For defendant practitioners, this evolving position indicates that jurisdictional challenges are no longer primarily legal exercises, rather, they have become highly fact-sensitive and evidentially-driven disputes. Particular emphasis should be placed on the location of witnesses, the applicable governing law, the availability and quality of investigative evidence abroad, and associated costs. Parties should gather evidence of these matters as early as possible in order to make a properly informed decision about the likely jurisdiction(s) in which the claim will be heard.

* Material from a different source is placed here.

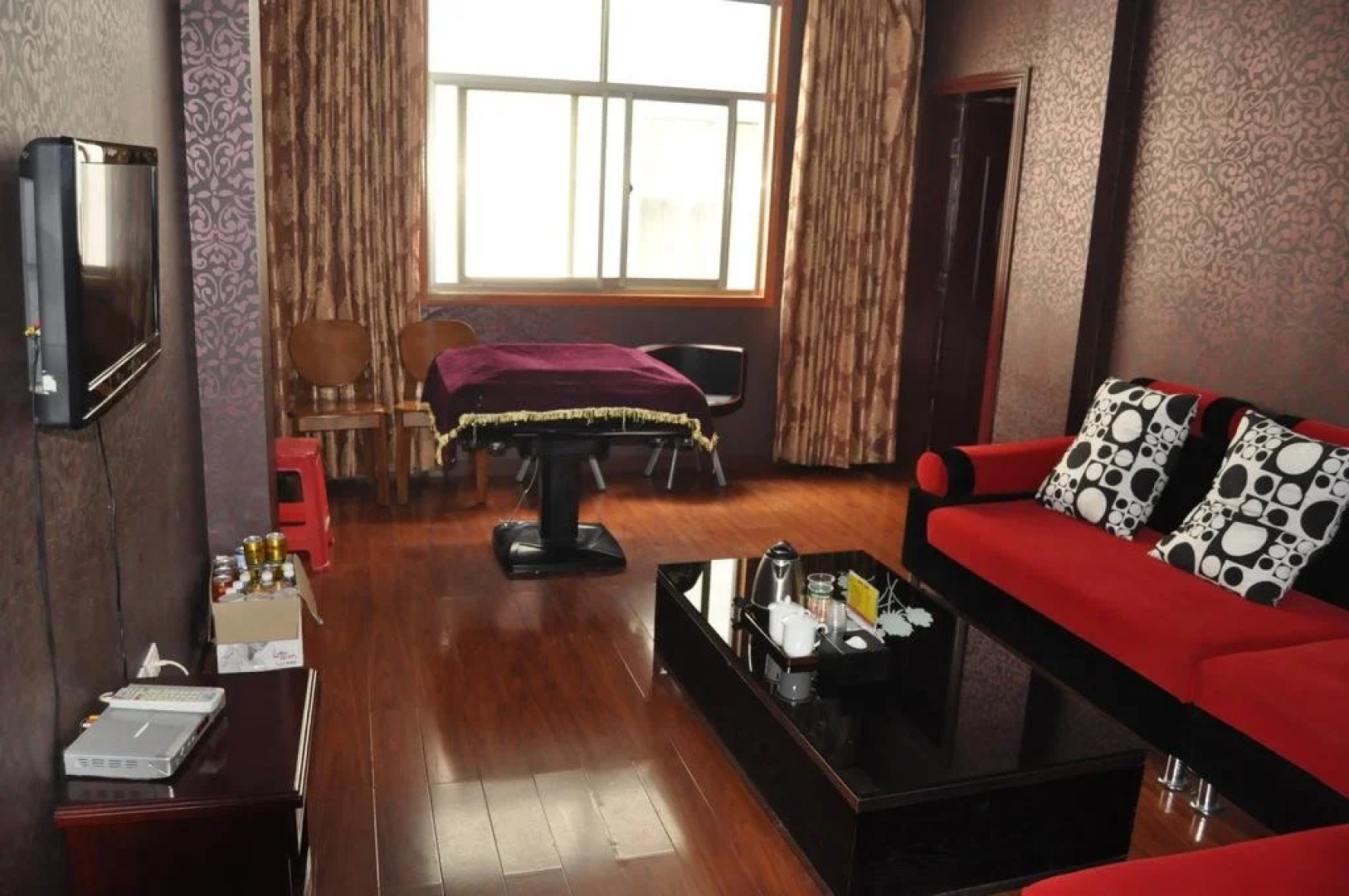 Enshi Junren Business Hotel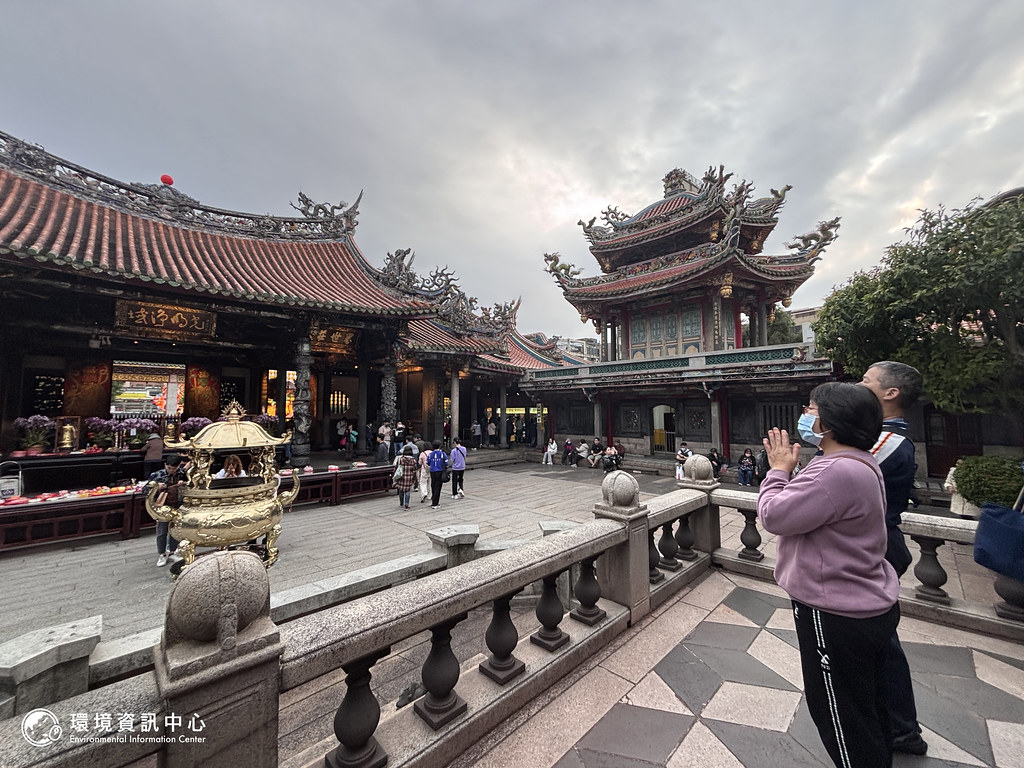龍山寺信眾以雙手合十參拜。資料照。攝影:鍾依靜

Careful consideration has to be given by a foreign insurer on when and if to undertake an expensive and timely challenge. There seems a recent shift of the English courts to be more inclined to seek outcomes on jurisdiction that look a lot like the pre-Brexit status quo (although based on very different legal authority) and to retain matters that some practitioners envisaged would no longer be possible to litigate in England & Wales as a consequence of the Recast Brussels Regulation no longer applying. 

Overall, these recent decisions underline that the question of jurisdiction in ‘accidents abroad’ cases pursued in England & Wales remains a matter of judicial discretion, in the exercise of which judges will rely on the specific evidence before them on a case-by-case basis.

[Clyde & Co acted in both cases referred to in this article.]